Losing to UConn is nothing new for USF women’s basketball.
Pitted in the same conference as the perennial No. 1 team in the nation, the Bulls have tried and tried again against the Huskies, but have come up short 21 consecutive times.
Dropping another game to No. 1 UConn in Hartford on Tuesday wasn’t anything out of the ordinary for No. 20 USF, but the way in which it happened certainly made some fans do a double take at the box score.
The Bulls’ 102-37 loss marks the worst in program history and a harsh reality check when it comes to the bigger picture of NCAA women’s basketball.

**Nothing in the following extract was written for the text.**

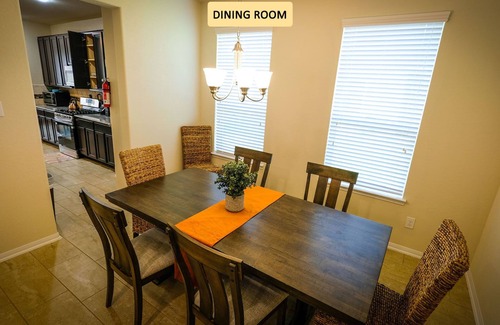 Rosenberg Casa | Rosenberg, Richmond, and Katy - 10 Beds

After becoming nationally ranked for the first time in school history in 2015, it seemed as though a setback was inevitable this season. USF (13-2) lost its program leaders in scoring and rebounding in Courtney Williams and Alisia Jenkins along with starting point guard Shalethia Stringfield.
Despite this, USF began one of its hottest starts ever under coach Jose Fernandez, as it took just a month before it climbed back into the national rankings.

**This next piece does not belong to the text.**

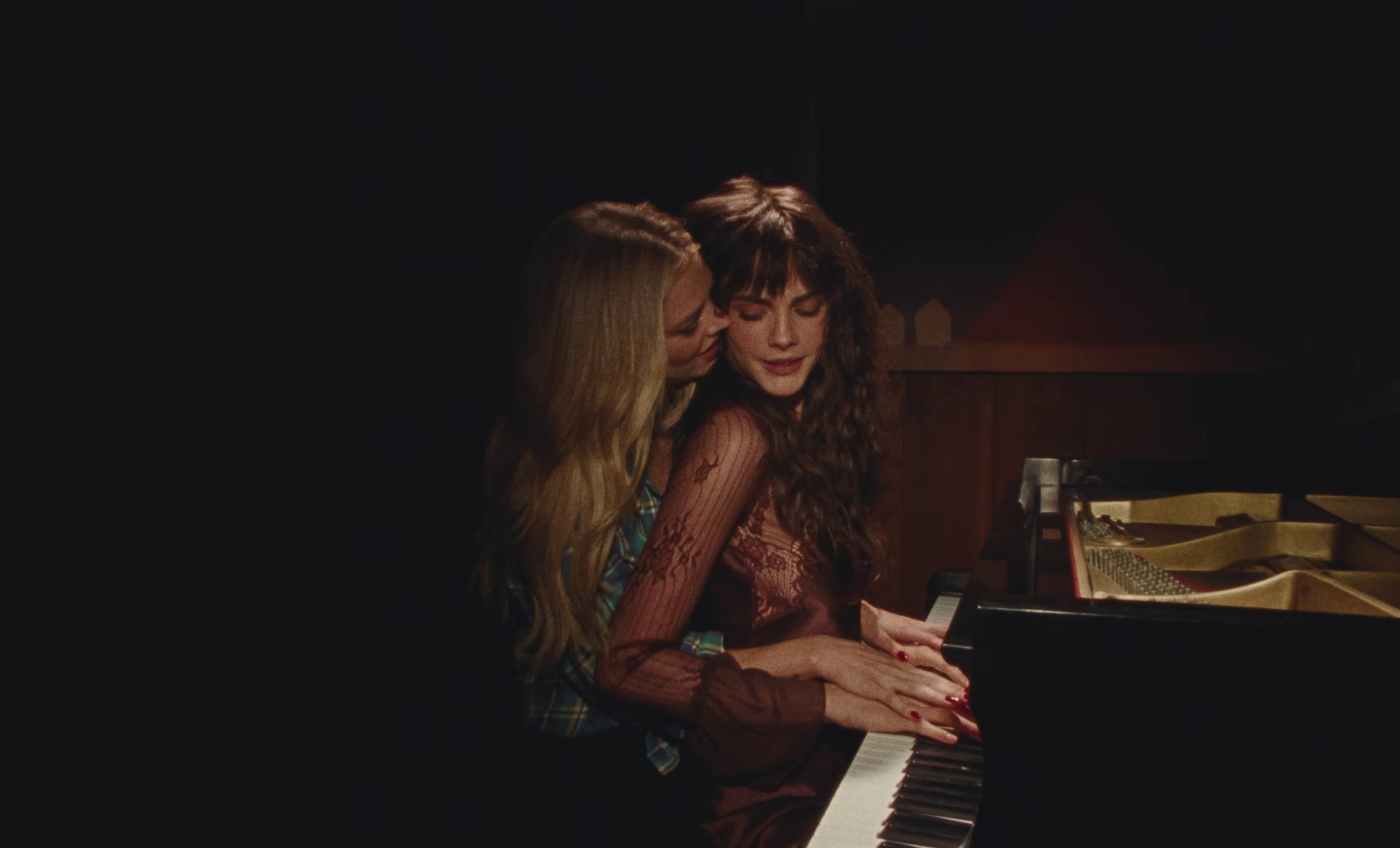 Samara Weaving butts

Led by the superb shooting of sophomore forward Kitija Laksa (20.6 points per game) and the stellar guard play of junior Laia Flores (6.7 assists per game), Fernandez’s international recruits have helped buoy the Bulls through what should have been a rebuilding period.

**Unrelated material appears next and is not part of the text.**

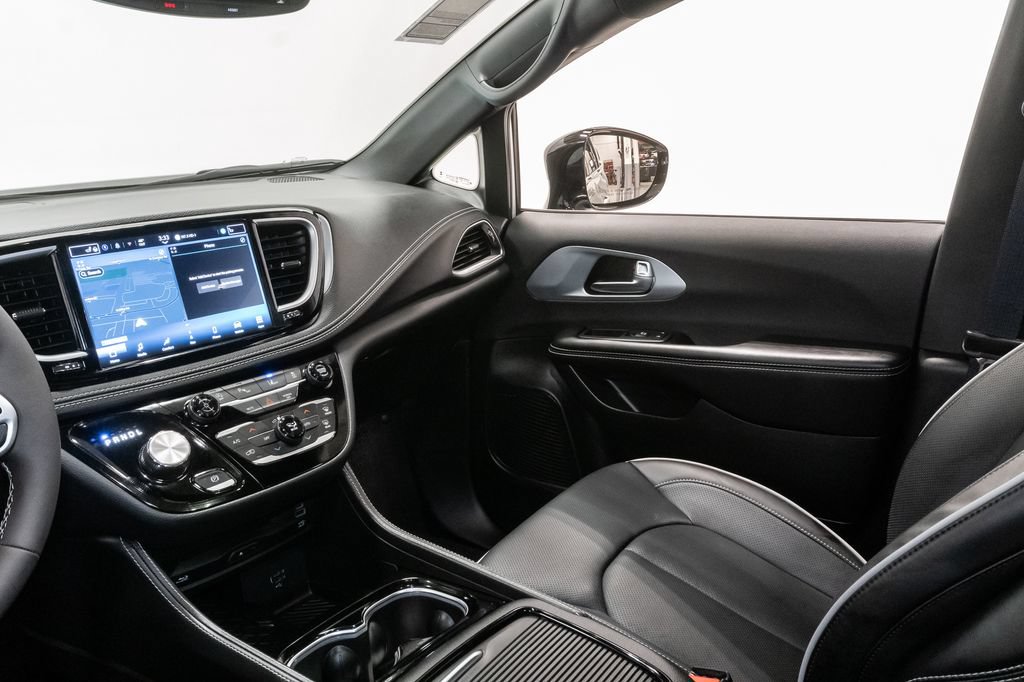 New 2026 Chrysler Pacifica Limited w/ Uconnect Theater Family Group FWD image 13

Entering Tuesday night with only one loss this season, overcoming the top-ranked Huskies for the first time appeared to be within sight.
Merely one quarter into the game, it was apparent a USF upset wouldn’t be in the cards.
Trailing 30-6 after the game’s first five minutes, the blowout would only continue as the Bulls struggled all night with UConn’s defense. The Bulls were forced to create their own shots all night long, finishing with just three assists compared to the Huskies’ 31.
By halftime, UConn led 65-19 and cruised to its largest victory over a ranked opponent.
While the loss was only the second of the season for USF, it serves as the best measure of just how close (or far) the Bulls are from competing with the nation’s best.
It shouldn’t be overlooked that the 2016-17 Bulls have already outperformed expectations and are cementing themselves in the national discussion as each week with a spot in the top 25 passes.
But the senior leadership and program-changing players USF lost to graduation is nearly impossible to replace in a single season.
Though Tuesday night’s result makes it clear that the Bulls aren’t ready to compete with the best, the growing expectations that they should shows it’s only a matter of time.